Automation will be a key enabler, and Cisco CX is helping us with that. In Oregon, CX brought in experts to do the characterization and help us automate our workflow -something we didn't have the bandwidth or the resources to do ourselves. What really impressed me was that they took the time to understand the problem -and even reshape the nature of their support according to our needs. They didn't just provide the technology framework; they supported us programmatically too, which gave us the momentum to move forward.

Securing the Future of Chip Manufacturing in the West

Zooming out, the broader context for our efforts is the surging global demand for chips, largely fueled by the explosion of AI.

In my view, it's critical to strengthen our supply chains in the West -the pendulum has moved too far offshore increasing risks, with important security implications. Intel has been a strong advocate and investor in addressing these concerns, building new wafer fabrication facilities and expanding existing ones in the US and Europe.

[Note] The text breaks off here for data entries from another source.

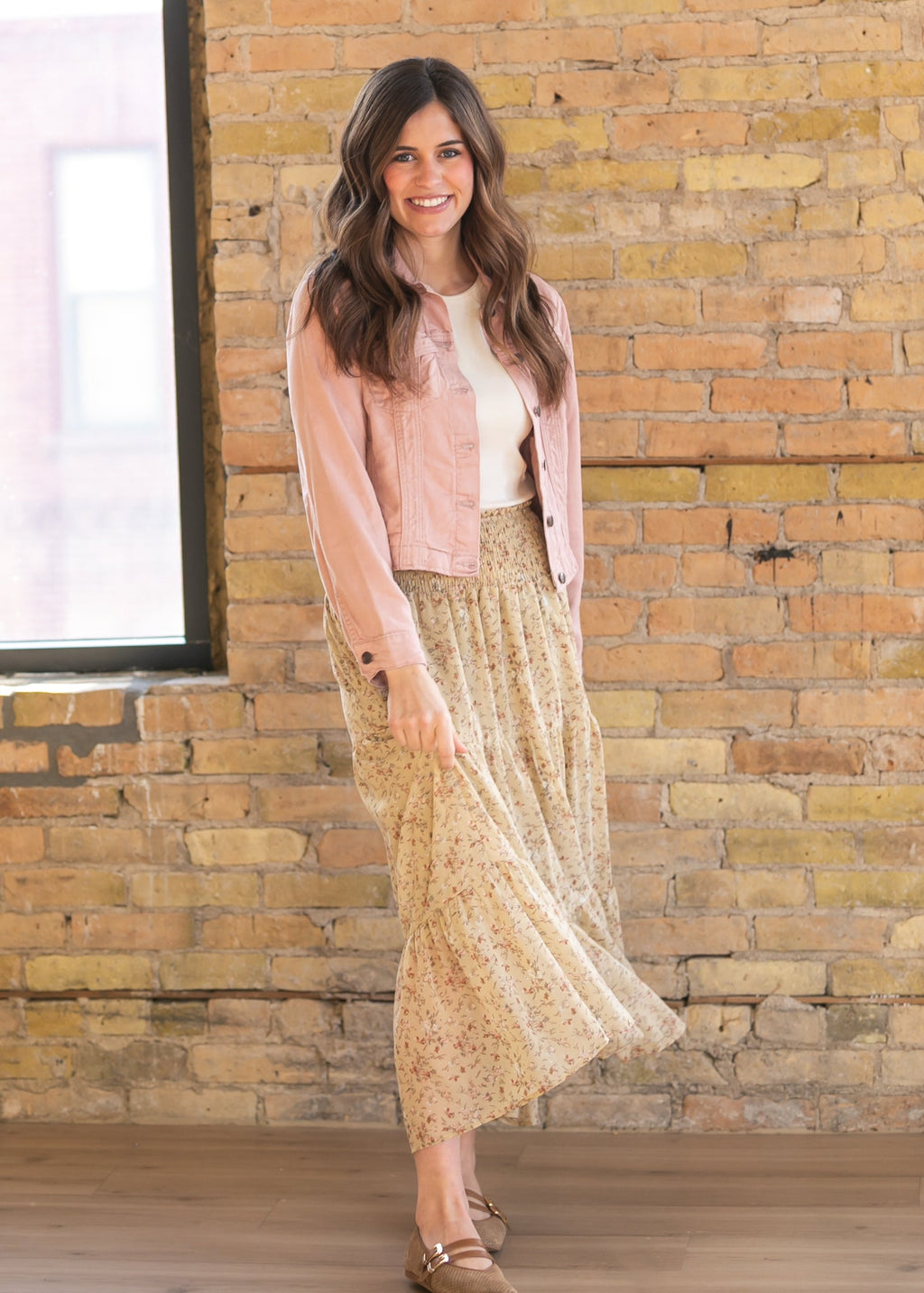 Shea Blush Lightweight Denim Jacket | Light Wash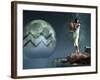 Aquarius Is the Eleventh Astrological Sign of the Zodiac.-Stocktrek Images-Framed Photographic Print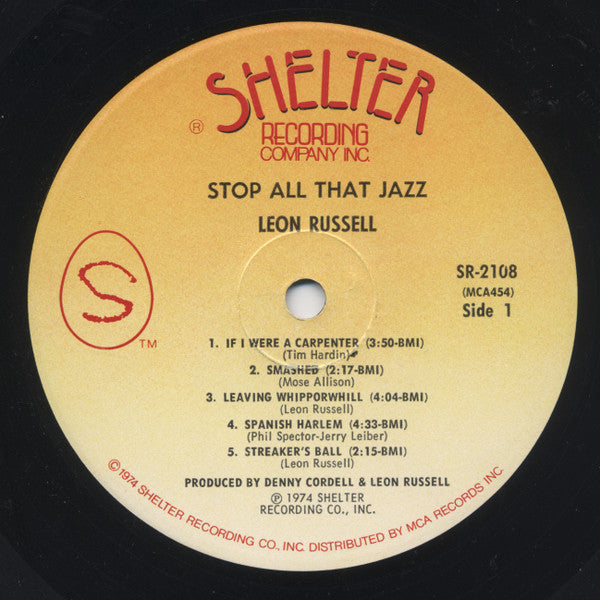 Leon Russell - Stop All That Jazz (Vinyl, LP, Album) Good Plus (G+) / Good Plus (G+)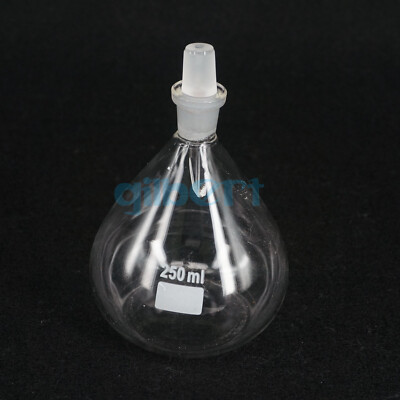 250ml Glass Specific Gravity Bottle Pycnometer Class A Science Labware Medical #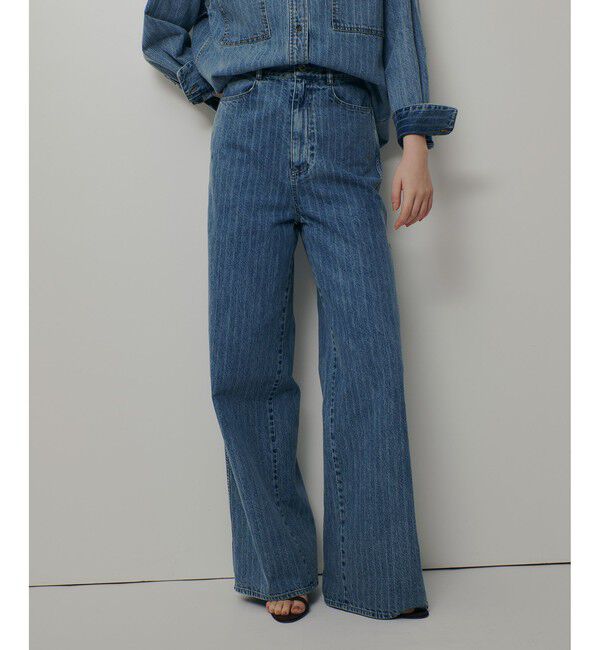 allureville「【ATELIER Line】デニムバギーパンツ」|デニム|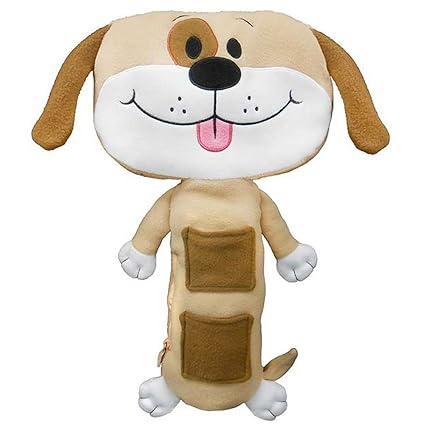 Childrens Car Seat Belt Soft Toy Pet Travel Pillow Soft Toys Dog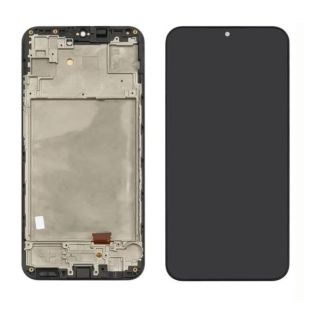 LCD Samsung A15/A155 (2023) / A156 із чорним тачскрином + корпусна рамка FULL SIZE OLED (M)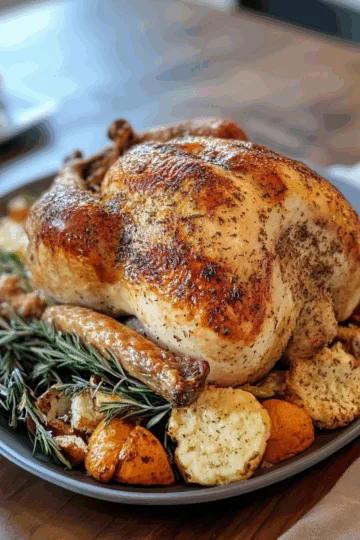 Rosie Turkey recipe taken with iphone 15 pro max --iw 2 --ar 4:5 --v 6.1 --raw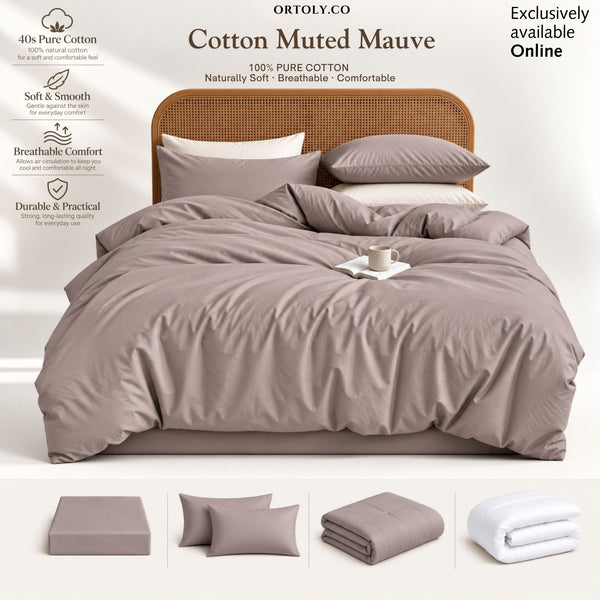 Cotton Muted Mauve Japanese Style (14inch)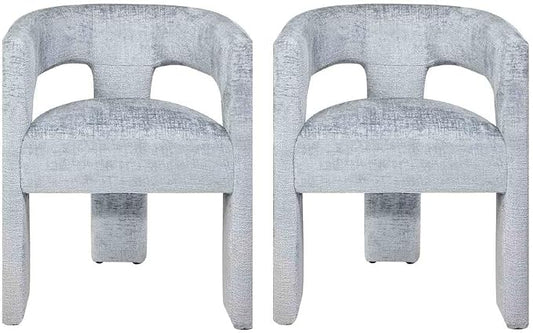 Jofran Gwen Jacquard Upholstered Accent Chair, Modern Luxury Plush Sculptural by Jofran+Inc.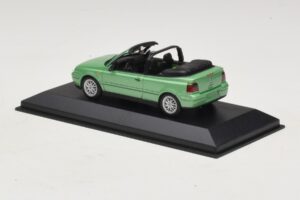 Volkswagen Golf Mk4 Cabriolet Green Metallic Minichamps 1:43 430058335 Diecast - image 3 of 5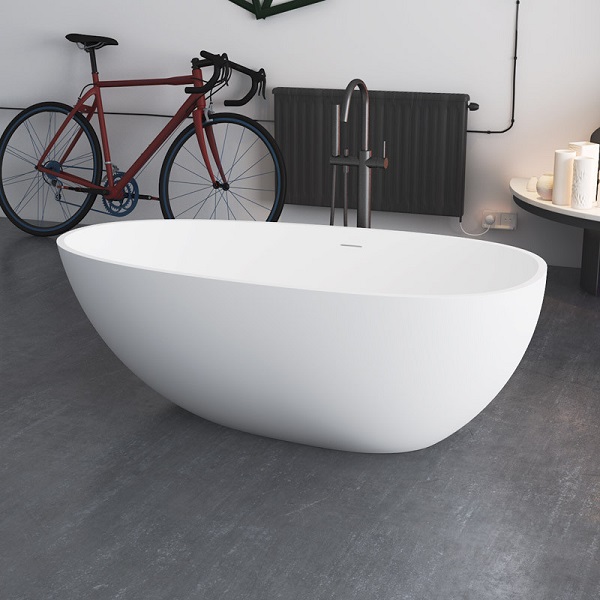 Bồn tắm đá nhân tạo marble nghệ thuật AL-BS8635 (Đặt hàng 7-25 ngày) - Image 4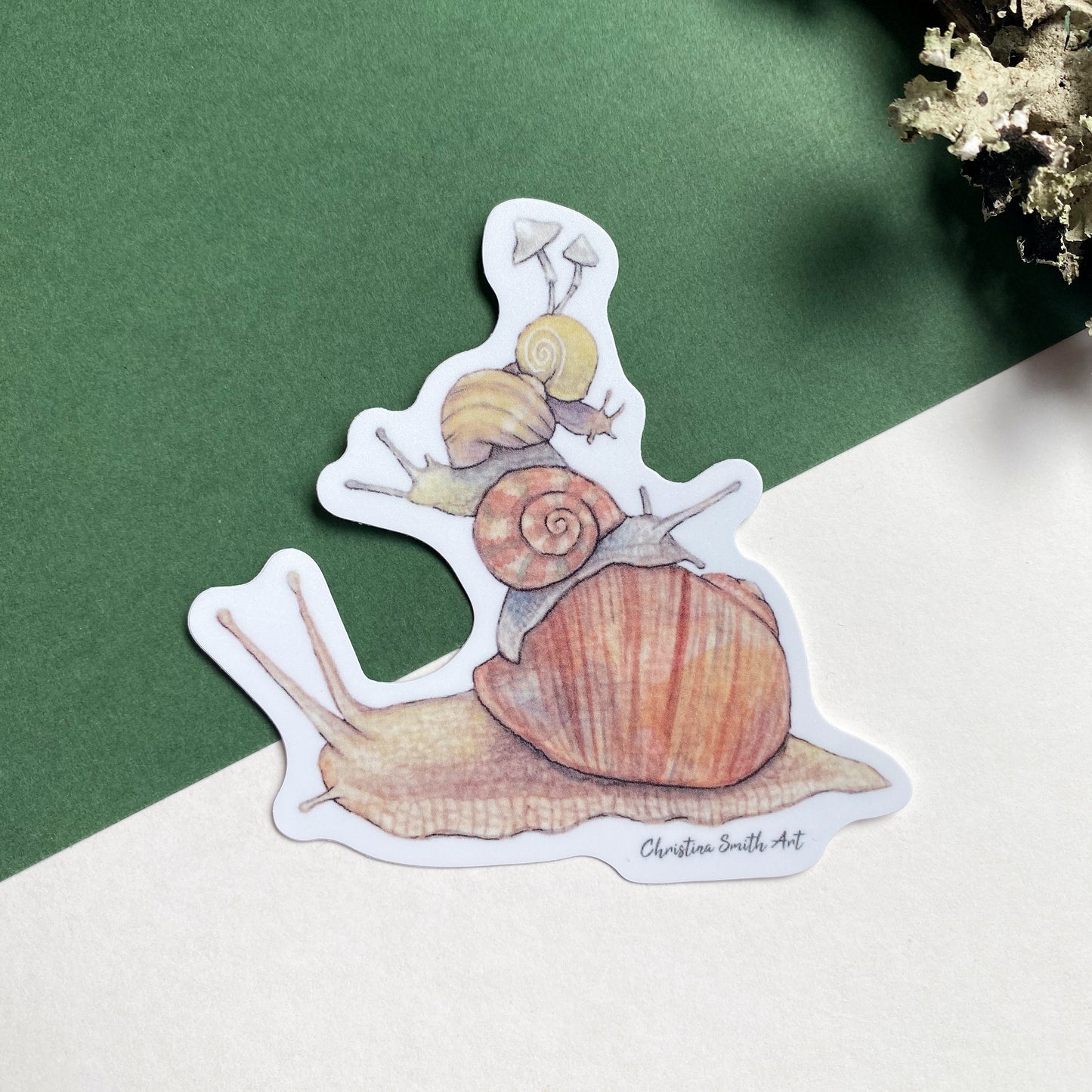 Snail Stack Sticker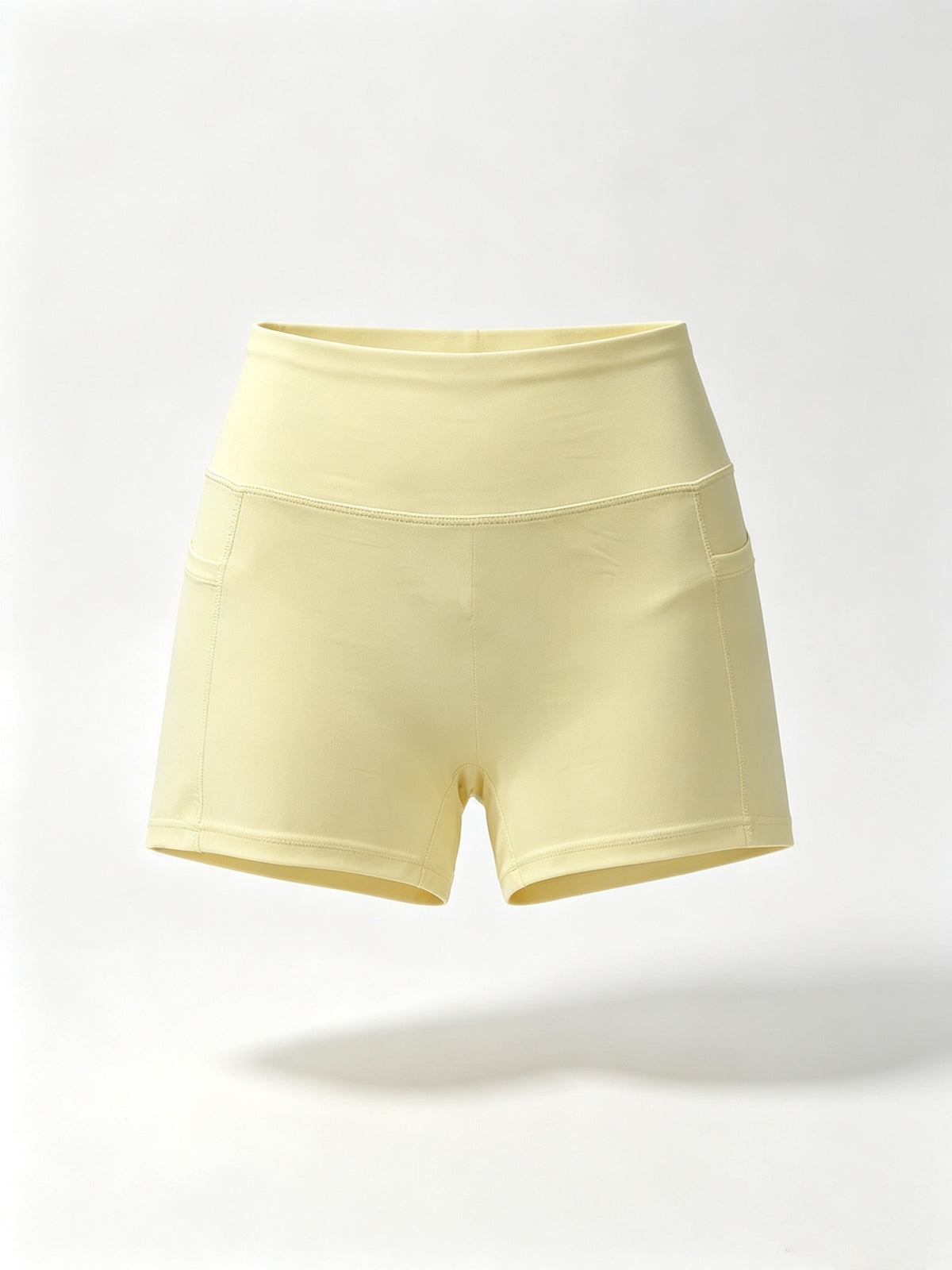 Polo Collar Pleated Tennis Dress - Light Yellow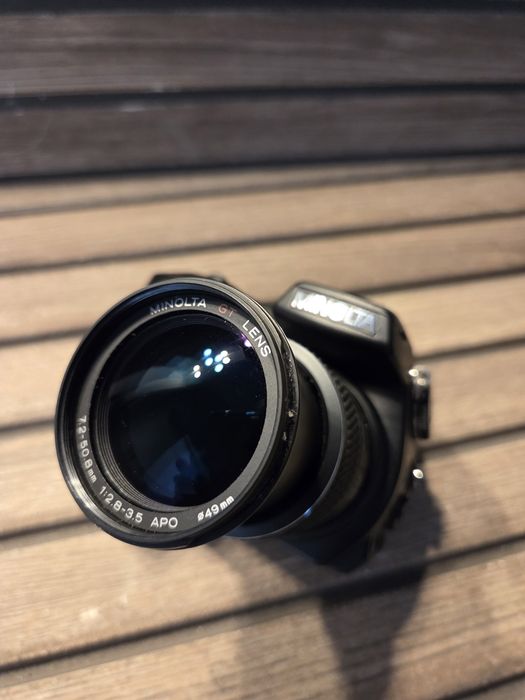 Minolta DiMAGE A1 5MP – aparat foto digital vintage anul 2003, colecție, 100% funcțional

However, with bad actors increasingly targeting critical infrastructure, the industry must adopt a world-class security posture. This means continuous modernization of our technology infrastructure, implementing robust "defense in depth" strategies -like our ACI project -to protect these vital assets and ensure uninterrupted production against sophisticated threats.

Read more:

IT@Intel Whitepaper: Transforming Industrial Manufacturing with Software-Defined Networking

[1] Lab gowns

[2] East-West traffic refers to network communication that occurs laterally between servers, applications, or devices within the same data center or, in this case, factory network.